By admin | February 24, 2010
By Richard Allen
President Obama may say that it is not best to blow your kids college funds in Las Vegas but NASCAR considers the city a sound investment. While other sports shun the city so known for gambling, NASCAR has benefited from its relationship with the desert jewel.
In 1996 the NASCAR Camping World Truck Series made its first appearance on the 1.5 mile Speedway Motorsports, Inc. track. In 1997 the Nationwide Series ran there for the first time and, finally, the Sprint Cup Series made its initial foray to the track in 1998.
Events held at the facility are typically well attended, unlike those held in the Los Angeles area where there is competition with other sports. Las Vegas Motor Speedway only hosts one event from each of the three major NASCAR touring series’ each year.

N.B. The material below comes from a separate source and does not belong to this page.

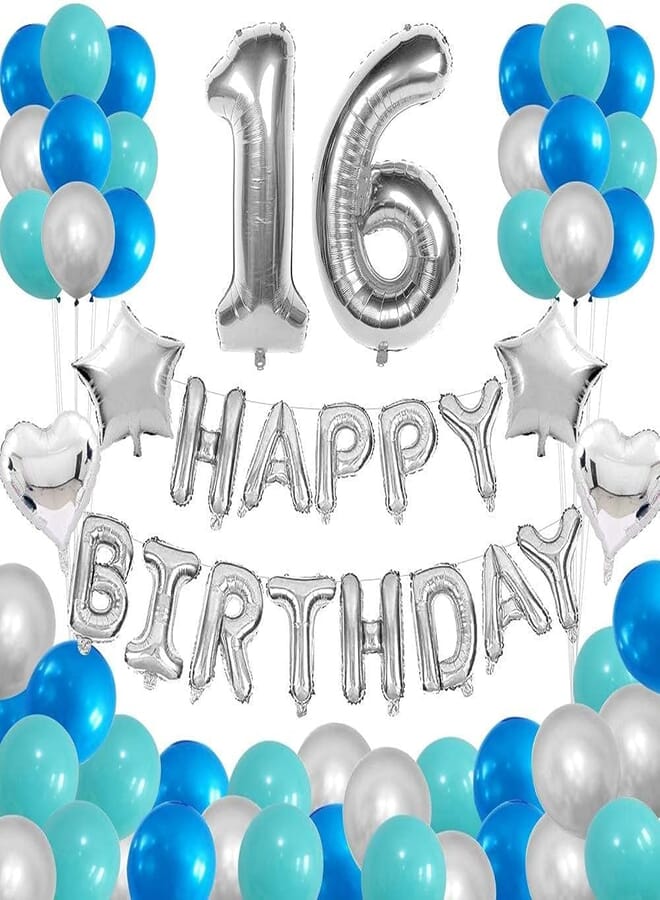 Secret Birthday Decorations 16th, 66pcs Birthday Party Decorations for Kids Girl and Boy with Happy Birthday Banner 1st 6th Helium Confetti Latex Balloons Green Blue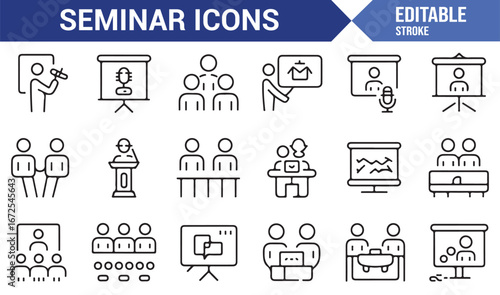 Editable seminar and conference vector icons for event design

In 2007 the NBA played its All Star game in Las Vegas but other than that there has been little interest by the NBA, NFL or Major League Baseball in placing a permanent franchise in the American mecca of gambling. Each of those leagues has had scandals involving gambling, some of which have been fairly recent.
Pete Rose, baseball’s all time hit leader, has been permanently banned from the MLB for betting on the game. A look further back into history reveals that in 1919 an entire World Series was thrown because of gambling.
An NBA referee recently admitted to being involved in a gambling ring which may well have influenced the outcome of some games. Rumors, and even some fact, have long associated major NBA players with gambling.
A number of incidents have occurred in NFL history involving gambling. Some well known names such as Paul Hornung and Alex Karras were once suspended for betting on games and for their association with known gamblers.
Apparently, the ‘Big 3’ of sports leagues in the U.S. are not aware that gambling takes place in other cities all over the world via these crazy things called the telephone and the internet. But as long as these other leagues want to maintain their purity and stay away from Las Vegas, NASCAR has shown they are more than willing to step in and reap the rewards of locating in a sports hungry market with no real sporting competition.
NASCAR likes the place so much they moved their end of season awards banquet there last December.
While other sports have pretty much avoided Las Vegas, NASCAR obviously does not consider the place so sinful, but instead, they think of it is a good place to invest their time and money. This weekend’s events there will likely be among the best attended of the season.
Richard Allen is a member of the National Motorsports Press Association. His weekly columns appear in The Mountain Press and The Knoxville Journal.